I'm sure this isn't the answer you want but in my opinion, loose dogs in the back just aren't worth it. I respect if your opinion is different, but we keep our dogs in a kennel in the back and if we are going far or it is cold we put the kennel covers on and they work well. You just never know what a dog is going to do and I have seen some good dogs die because they were in the back and it is just too sad and not worth it.


----------



## datacan (May 15, 2011)

A white dog (may have been a Lab) fell from a black F150 (Hwy 404 S. just north of Bloomington side-road last October). We were driving on the outside lane and were the second car to run over the dog. 
The picture etched in my memory so much so I don't use the outside lane any more around that stretch of highway.


----------



## harrigab (Aug 21, 2011)

I've started Ruby in the crate in the back of my pick-up, it's a mitsubishi l200 with a carryboy top. I've used karabiners to secure the crate.


----------



## Bernie (Jan 17, 2011)

Morgan rides on a Mud River mat on the back seat of my F150 Crew Cab. She loves to ride and is very well behaved when doing so. She is always either sitting or lying down.
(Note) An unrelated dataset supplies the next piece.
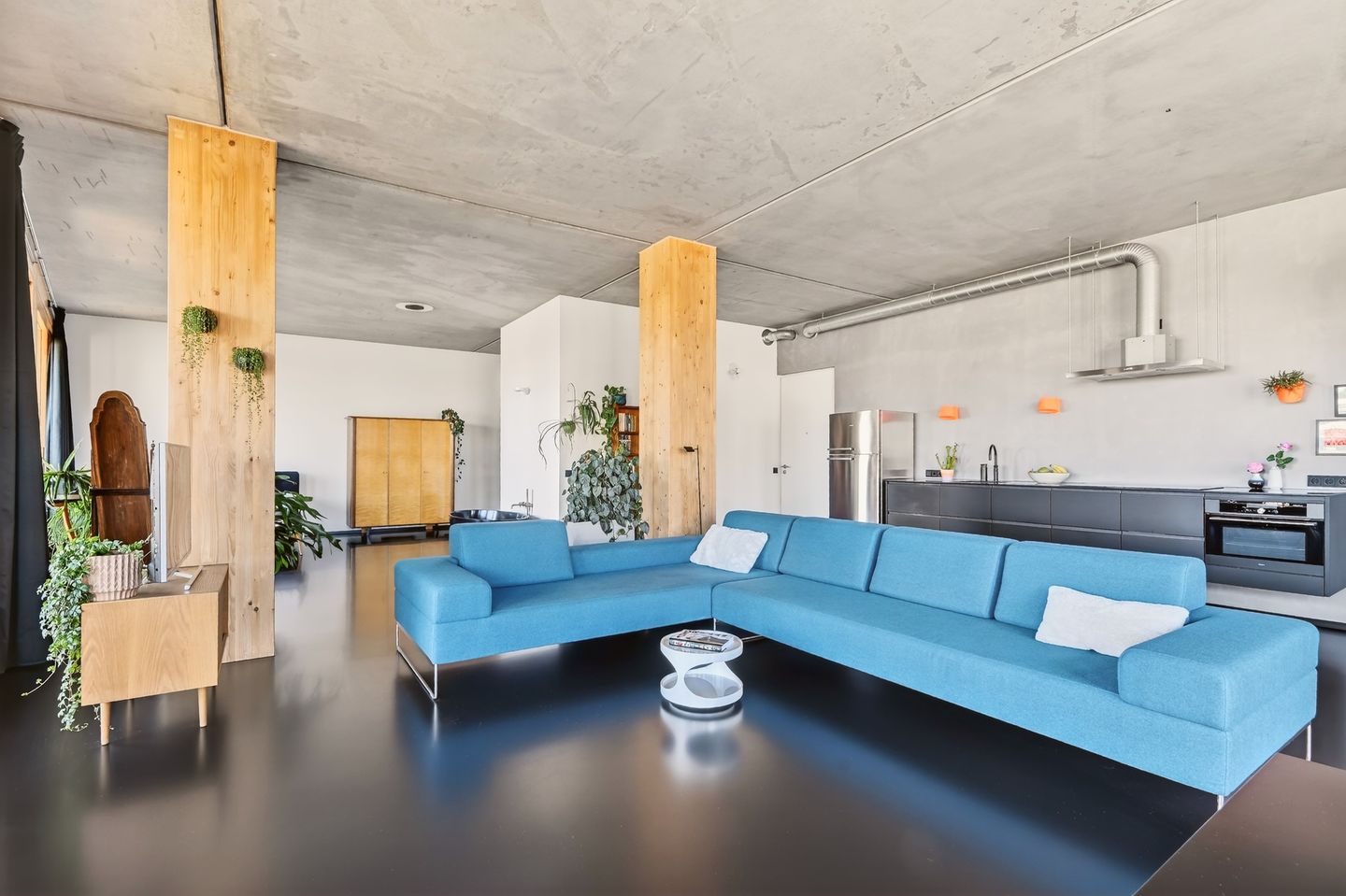 Foto 4 van Fonteinkruidstraat 84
A V riding in the open bed of a truck, NO WAY!


----------



## Lincolns Parents (Aug 6, 2011)

We have a tie out anchored to the front of the truck bed that doesn't let them get to the sides of the truck..... so yes our dogs ride in the back and love it. 
This is the only way they will ride in the back of our truck and since they can't reach the sides they can't fall/jump out.


----------



## JillandDan (Sep 8, 2010)

I would still be concerned in case something happened (accident or whatever). You just never know. We are very happy with the harness in the seatbelt and Holley loves it. She gets so excited when she sees her harness.


----------



## Ozkar (Jul 4, 2011)

Kailua said:


> My two dogs, are always attached to leads in back of the truck bed. My husband attached a wire line from one end to the other. The leads are situated towards the middle of the line so their noses are the only things at the edge of the truck. The younger dog ususally lies down forcing the older one to stand. If we go for a longer ride, we put them in the truck with us due to sun exposure and the greater possbility of debris entering their eyes, ears...etc.


I am with you. I lost a dog off the back of a ute (Pick-Up for those outside of Australia) and now, never have them in there unless secured. 

Even more so with a V. V's are nosey dogs and a scent, or some fur or feathers can distract them quite quickly. Having seen Ozkar set off after a kangaroo, I wouldn't let him in the back of the ute without a restraint of some kind. In Australia, it is now part of the road rules that an animal riding in the back is secured in a manner whereby it is unable to either jump off, or, get far enough over that it could be hung from the side of the ute (Pick-Up) bed while driving along. I have actually seen this in years gone past, where the dog is literally hanging off the side of the ute by the collar.


----------